Let $O_1,O_2$ be the centers of $\omega_1,\omega_2.$ Assume that $X_1X_2$ passes through $M.$ If $U \equiv X_1Y_1 \cap O_1O_2,$ then $BS_1 \perp O_1O_2$ is the polar of $U$ WRT $\omega_1$ $\Longrightarrow$ Pencil $M(X_1,Y_1,S_1,U)$ is harmonic. Since $MS_1 \perp MU,$ then it follows that $AB,O_1O_2$ bisect $\angle X_1MY_1,$ i.e. $MY_1$ is the reflection of $X_1X_2$ across $AB.$ By similar reasoning, $MY_2$ is the reflection of $X_1X_2$ across $AB$ $\Longrightarrow$ $Y_1Y_2$ passes through $M.$

$ O_{2}MS_{2}X_{2} $ and $ MS_{1}X_{1}O_{1} $ are cyclic quadrilaterals because $ O_{2}M $ is perpendicular on $ AB $ and $ O_{2}X_{2} $ is perpendicular on $ S_{2}X_{2} $ and for the another is a similar proof. because $ X_{1},M,X_{2} $ are on a line then the angle $ S_{2}O_{2}X_{2} $ and the angle $ S_{1}O_{1}X_{1} $ are congruent. this also is the condition for the congruence of the angles $ S_{2}MY_{2} $ and $ S_{1}MY_{1} $ which means $ M $ in on the line $ Y_{1}Y_{2} $.

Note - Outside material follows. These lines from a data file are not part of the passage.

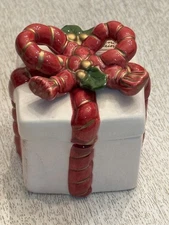 Vintage Fitz & Floyd  Hand painted Ceramic Christmas Lidded Box  Korea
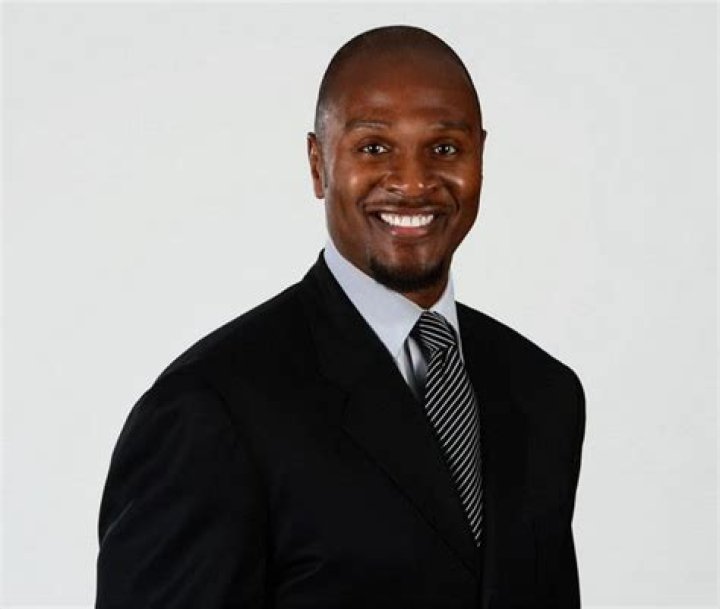 LaPhonso Ellis Net Worth, Age, Height, Bio, Birthday, Wiki!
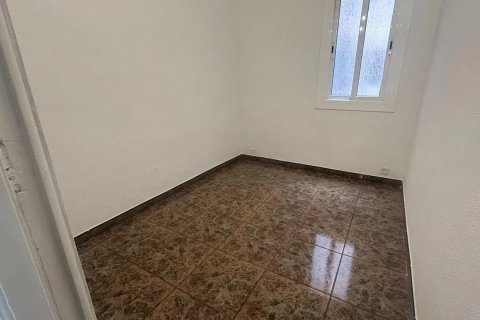 Lägenhet till salu i Barcelona, Spanien 3 sovrum, 86 kvm. Nr. 140728 - foto 12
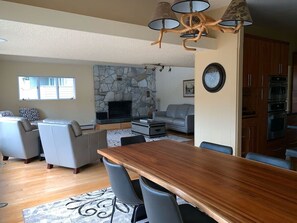Dining - Walking distance to downtown attractions and grocery store and coffee bakery. (Anchorage)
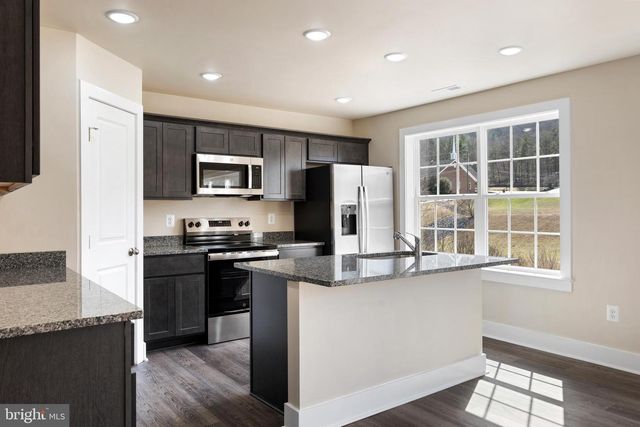 105 VICTORY LN., Hedgesville, WV 25427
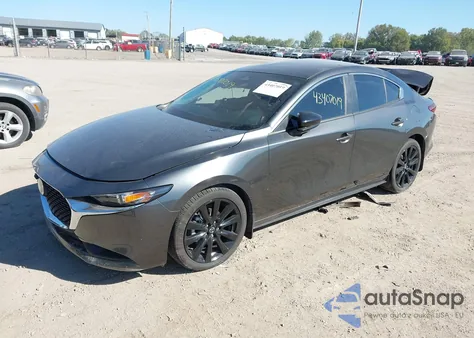 2025 Mazda Mazda3 2.5 S Select Sport z USA, uszkodzony, nr VIN 3MZBPABM6SM458570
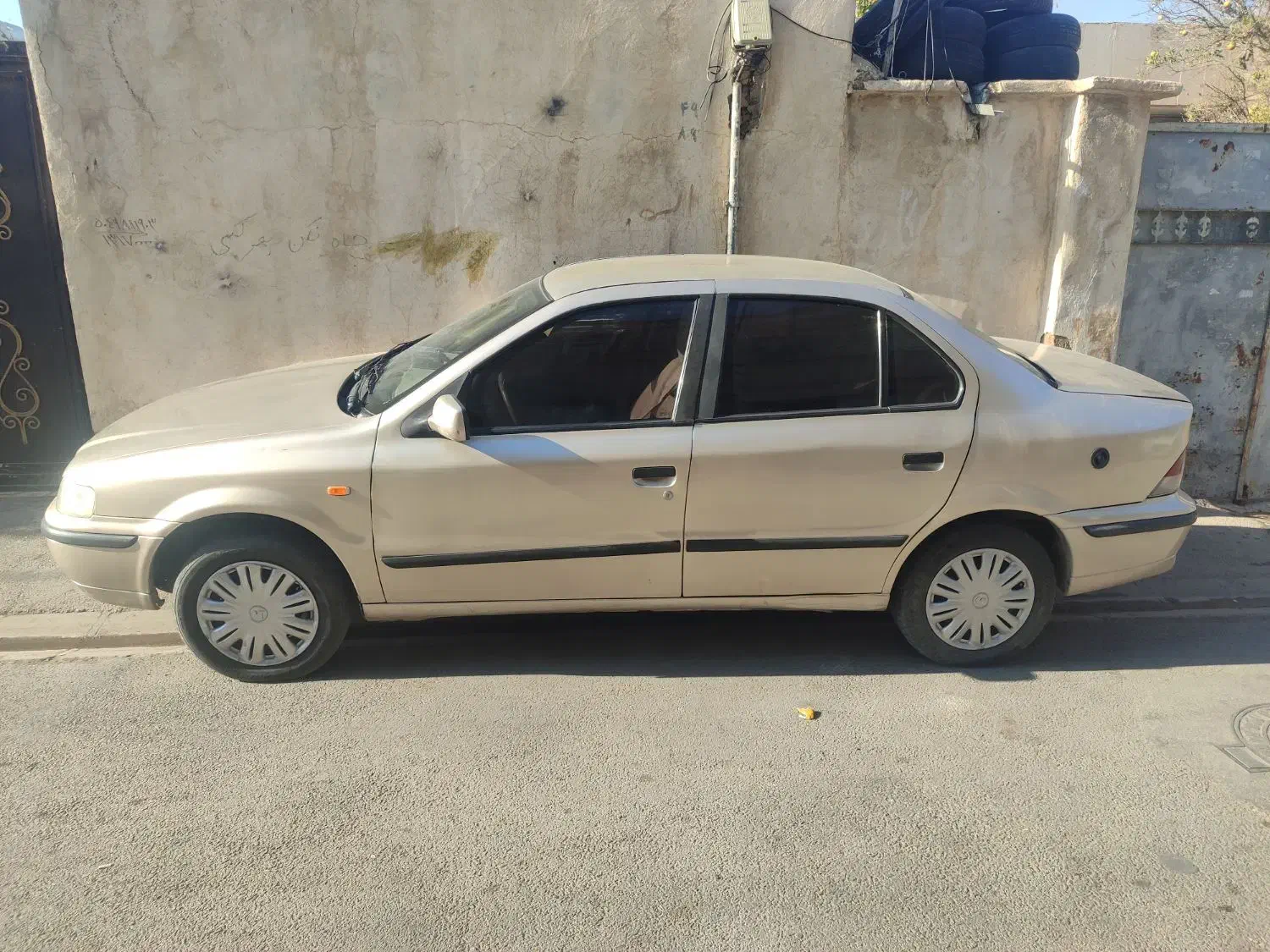 سمند مدل 82 تازه تعمیر|خودرو سواری و وانت|شیراز, کوزه گری|دیوار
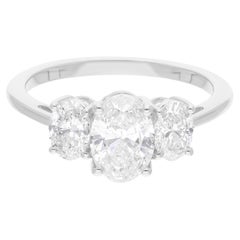 1,77 carati SI/H Anello di diamanti ovali a taglio brillante in oro bianco 18 carati Gioielli di pregio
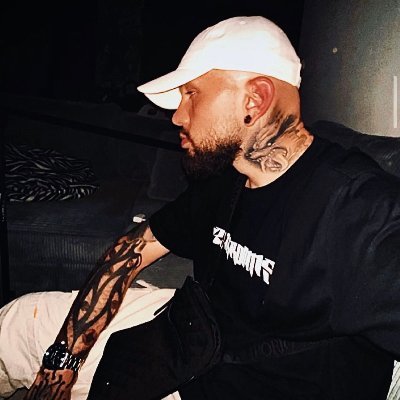 osrsGATO's profile picture. i make music & i play runescape 😋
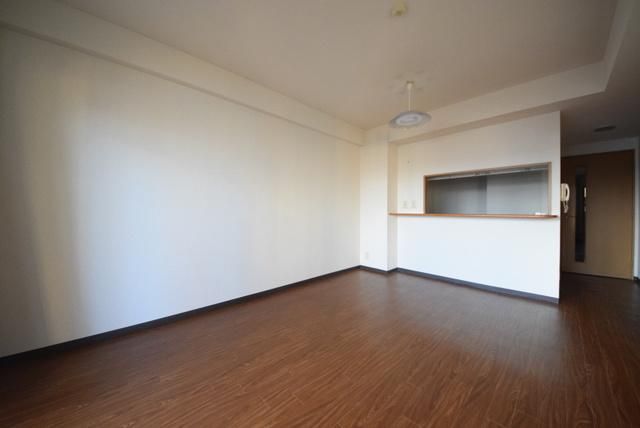 居室・リビング　☆内見のご予約はタウンハウジング八王子店まで☆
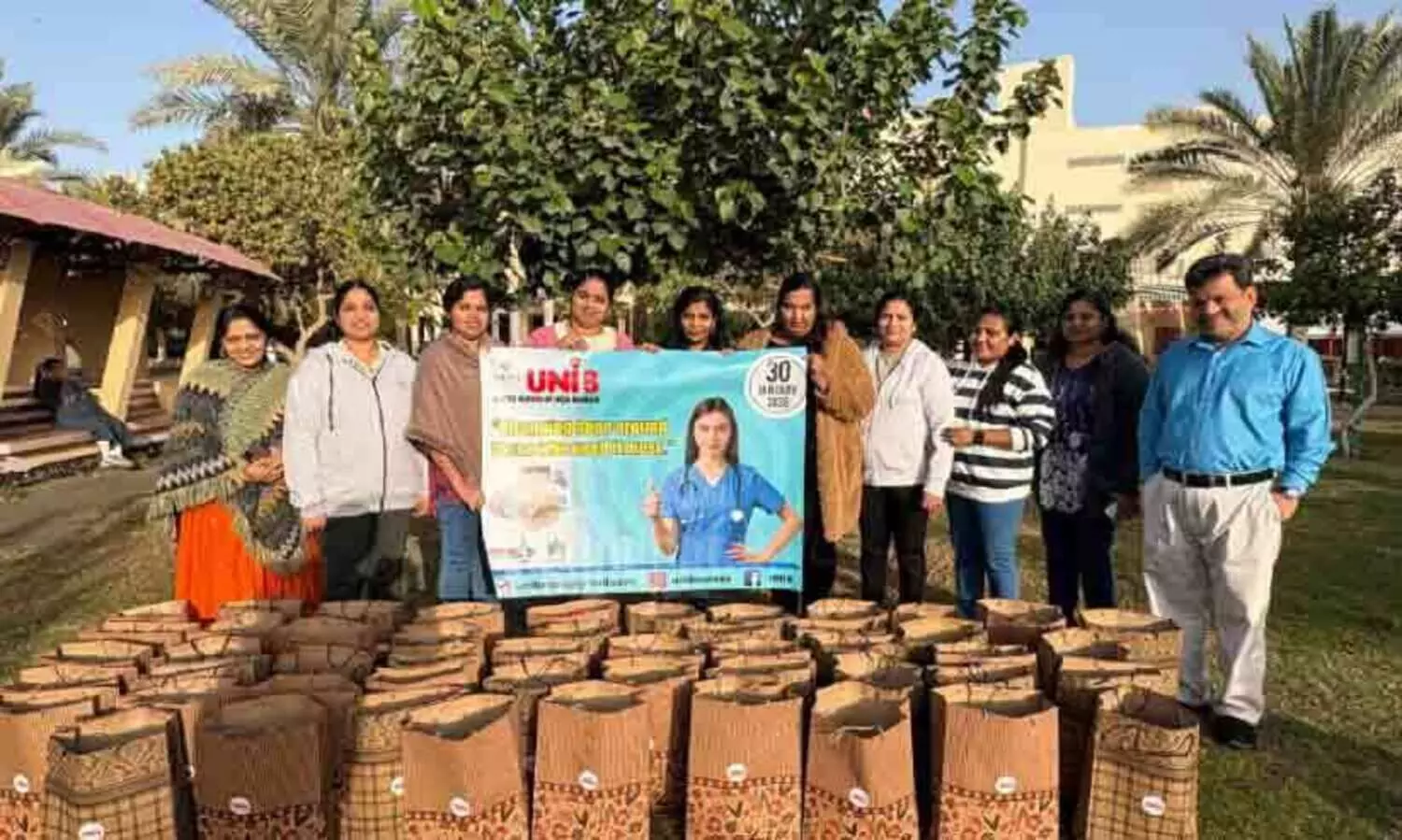 യു.​എ​ൻ.​ഐ.​ബി തൊ​ഴി​ലാ​ളി​ക​ൾ​ക്ക് ശീ​ത​കാ​ല കി​റ്റ് വി​ത​ര​ണം ന​ട​ത്തി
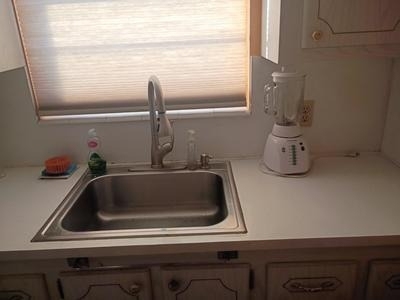 322 Windsor N - Photo 7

Solution: We consider the following assertion. The line $X_1X_2$ passes through $M$ if and only if the angle at which $\omega_1$ is visible from $S_1$ equals the angle by which $\omega_2$ is visible from $S_2$. Indeed, notice that $\angle O_2MS_2=90^{\circ}$ so the point $M$ lies on the circle passing through the points $S_2O_2X_2$ and we get that $\angle O_2MX_2=\angle O_2S_2X_2$. Similar arguments for $X_1$ yield that $X_1X_2$ are collinear if and only if $\angle O_2S_2X_2=\angle O_1S_1X_1$ which is the same as our assertion. Using the same argument for the other set of points, $Y_1$ and $Y_2$, we get the requested result.